Problem statement:
In the entries below, which lines run from the one with "Sculpture Park screenshot 2" through the one with "Hanes Sports Bra thumbnail 1"? Repeat exactly those, both included, and no pictures.

Data listing:

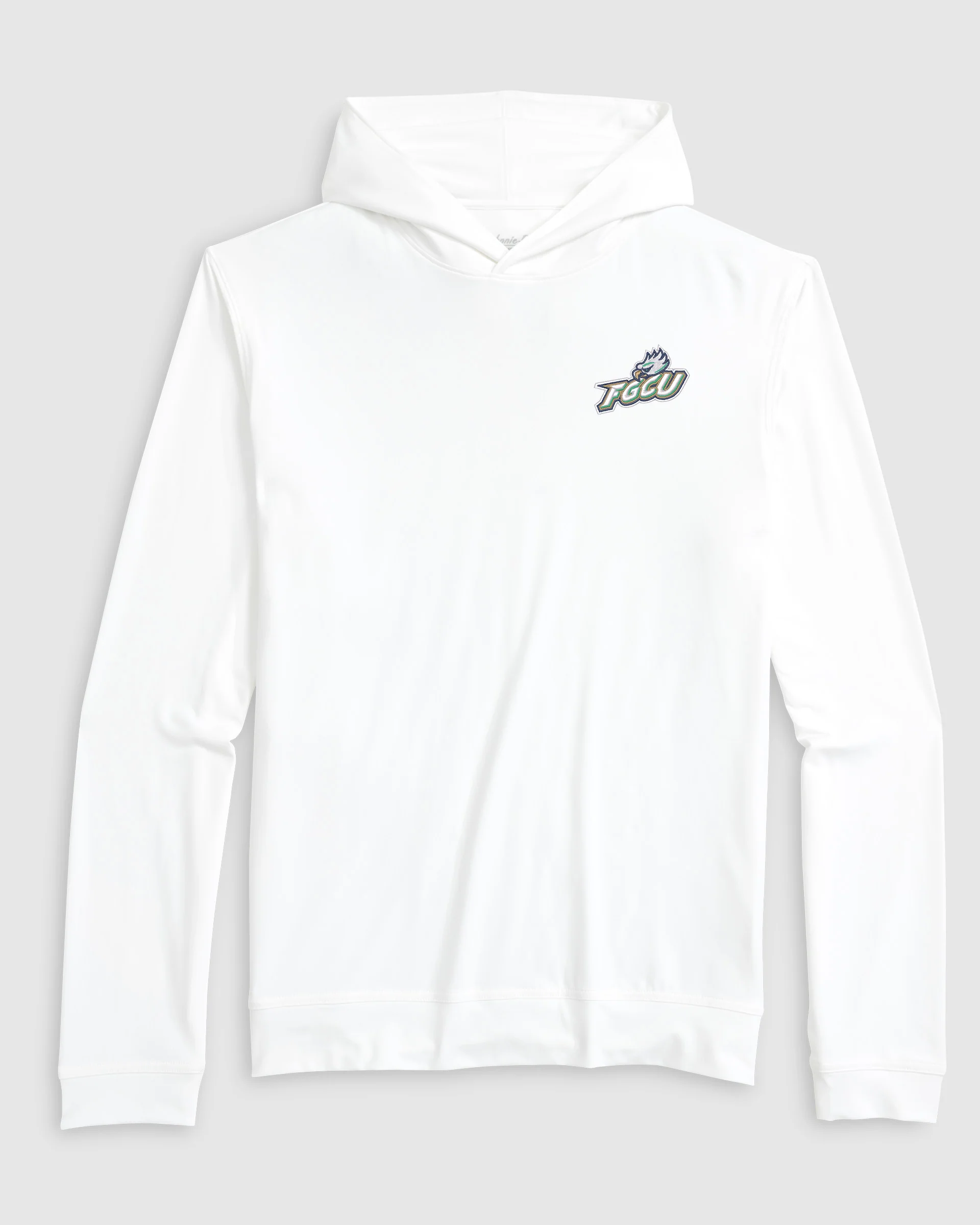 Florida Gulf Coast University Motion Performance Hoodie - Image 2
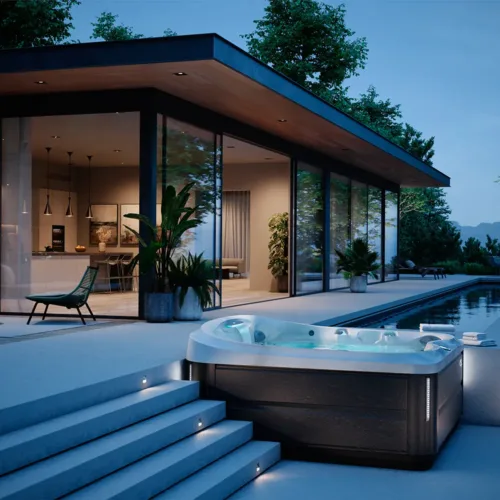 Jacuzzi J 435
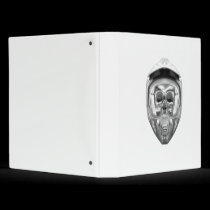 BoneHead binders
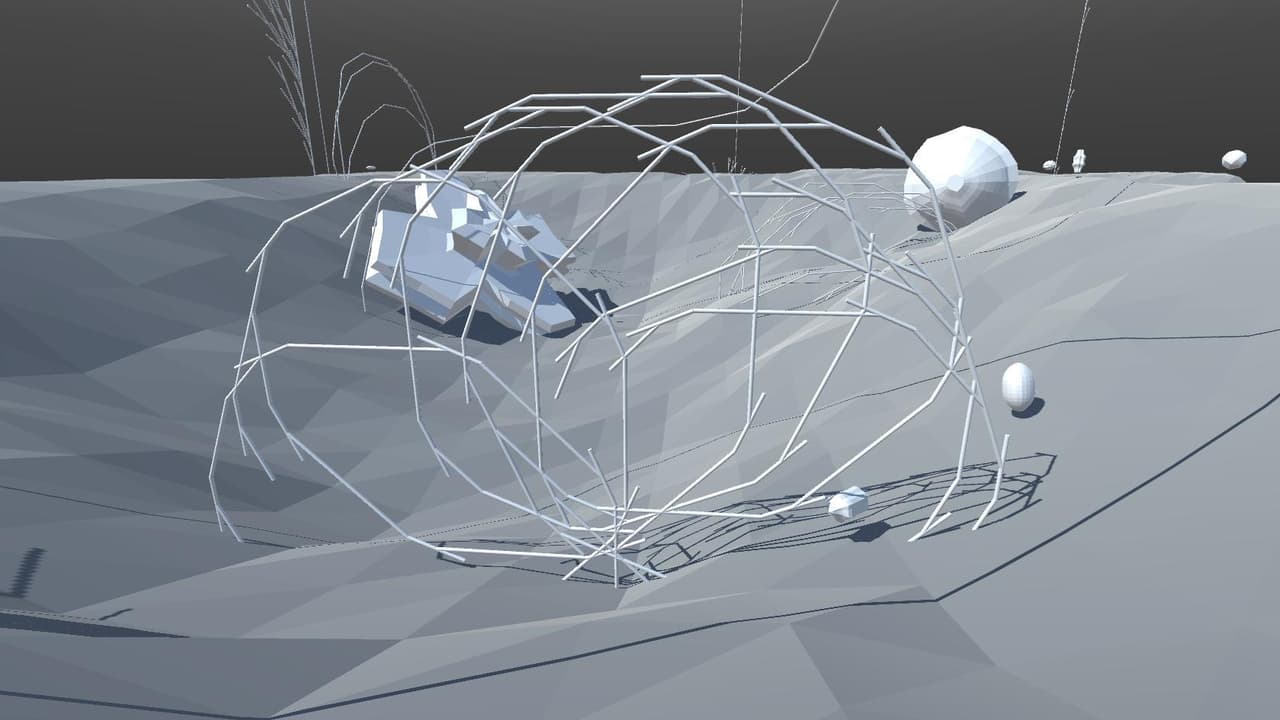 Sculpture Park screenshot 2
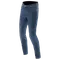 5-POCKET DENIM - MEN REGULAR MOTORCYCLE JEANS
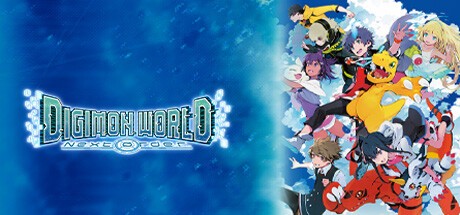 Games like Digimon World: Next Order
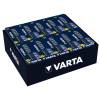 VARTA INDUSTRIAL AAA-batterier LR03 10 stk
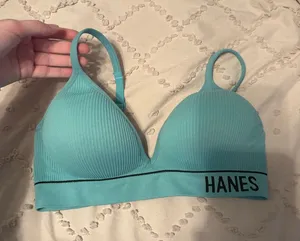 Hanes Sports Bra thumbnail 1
* * *
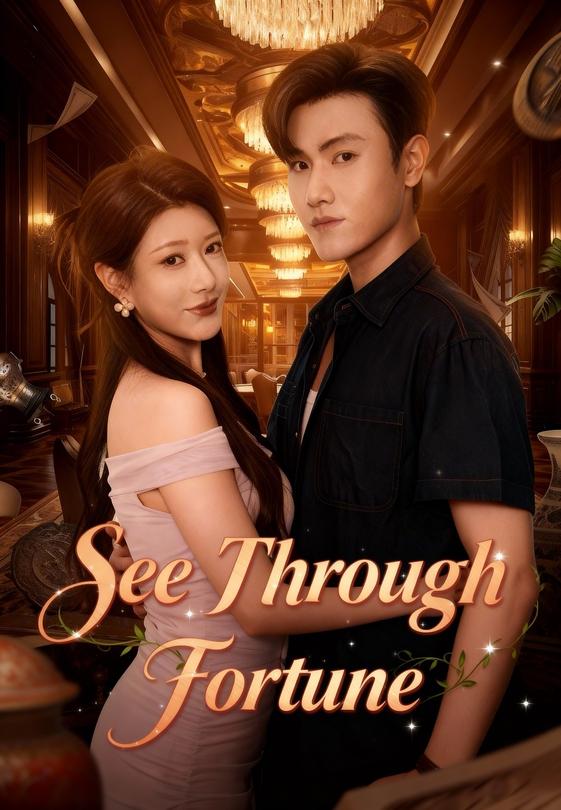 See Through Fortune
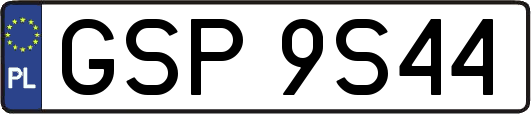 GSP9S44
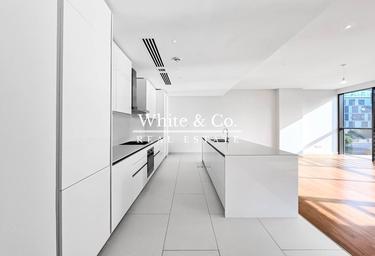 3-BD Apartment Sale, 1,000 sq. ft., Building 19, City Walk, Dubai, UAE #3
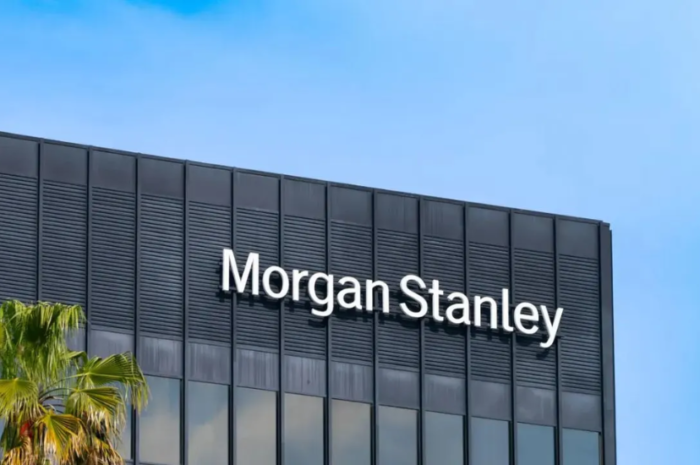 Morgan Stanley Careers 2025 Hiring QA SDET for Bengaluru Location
...
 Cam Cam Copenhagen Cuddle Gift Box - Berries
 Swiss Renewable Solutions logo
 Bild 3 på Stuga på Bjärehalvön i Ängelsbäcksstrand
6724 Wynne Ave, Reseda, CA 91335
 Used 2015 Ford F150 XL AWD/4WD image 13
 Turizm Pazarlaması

Answer to this problem:
 Sculpture Park screenshot 2
 5-POCKET DENIM - MEN REGULAR MOTORCYCLE JEANS
 Games like Digimon World: Next Order
 VARTA INDUSTRIAL AAA-batterier LR03 10 stk
 Hanes Sports Bra thumbnail 1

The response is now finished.